Photo by Jaquilyn Shumate Photography
My sweet husband and I got married in Port Gamble, Washington, this past May. I fine-tuned every detail down to the twine on the favors (as one would!) and I was excited to share our day in hopes of growing our Assemble custom design project. We were one of the few couples in the running for the Winter/Spring issue of a prominent bridal magazine and I have to admit, I was beyond ecstatic for possible recognition of all of my hard work.
Sadly, we weren't chosen. I found out on the same day I started feeling fluish, our house was a mess and I had a mountain of laundry to attend to. (When it rains, it pours.) I had my moment of champagne, chocolate, a drunken nap at 7pm and a few tears, and have since moved on. It got me thinking though--why did I really want that feature? I know how lovely our wedding was. I spent it with our beautiful friends, got to experience every last detail and it went off without a hitch. Was it about business, or was it about me? Alas, it was about me.
Everyone wants a payoff for their hard work. But sometimes, the work is the payoff, and the outcome is a surprise after finding joy in your own craft. If you work in a creative field, you are most likely used to a small (if any) paycheck and tons of hard manual and emotional work. When we chose this path, we chose to find happiness in what we do without outside recognition. When it comes, it's absolutely brilliant, but finding solace in the fact that it might not is important for self-preservation.
That is what I, personally, find difficult: finding complete happiness with the possibility of no recognition. Even when Emily is away on vacation and I rearrange the shop, she comes home to me sitting at the table with my arms crossed, eyebrows raised, waiting for her to say "the shop looks beautiful!" (sorry, Ems). We all wish Martha Stewart would call us up and say "[insert your name here], you are doing a fabulous job." Until that happens though, let's find joy in our work and feel lucky for being able to do it, while congratulating & supporting each other.

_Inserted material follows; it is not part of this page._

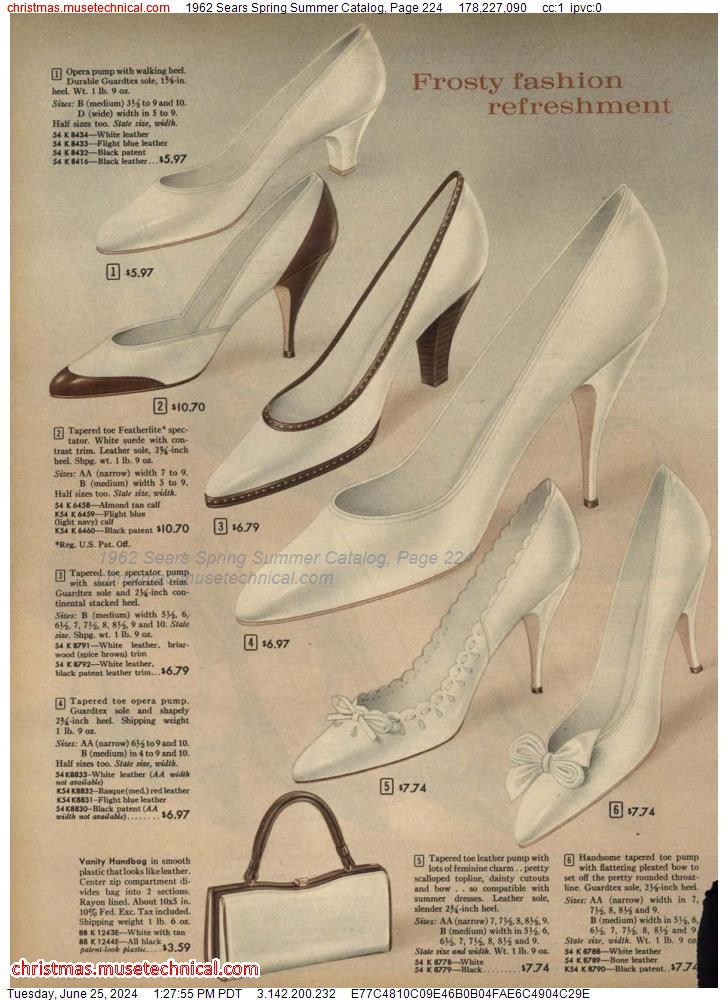 1962 Sears Spring Summer Catalog, Page 224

There's an old saying that goes, "A candle loses nothing when it lights another." When we don't feel recognized for our work, human natures wants to hoard every tidbit of knowledge and support away, keeping it all to ourselves. The old feeling of, "Figure it out for yourself: I DID," tends to take hold when we feel under-appreciated. I'm sure you know, however, that this just makes us feel worse. Giving of ourselves is what creates true joy, and ends up coming back to us in the end.
So here's our homework: When we feel the lowest/the worst/the crummiest about the direction our career is going--give. Give help to a friend who needs assistance packaging her huge amount of holiday orders when you have none. Give a shout-out tweet to a competitor just because you can. Give advice to someone who is just starting out, even if no one gave you any when you started out. Give recognition to yourself, for all of your hard work.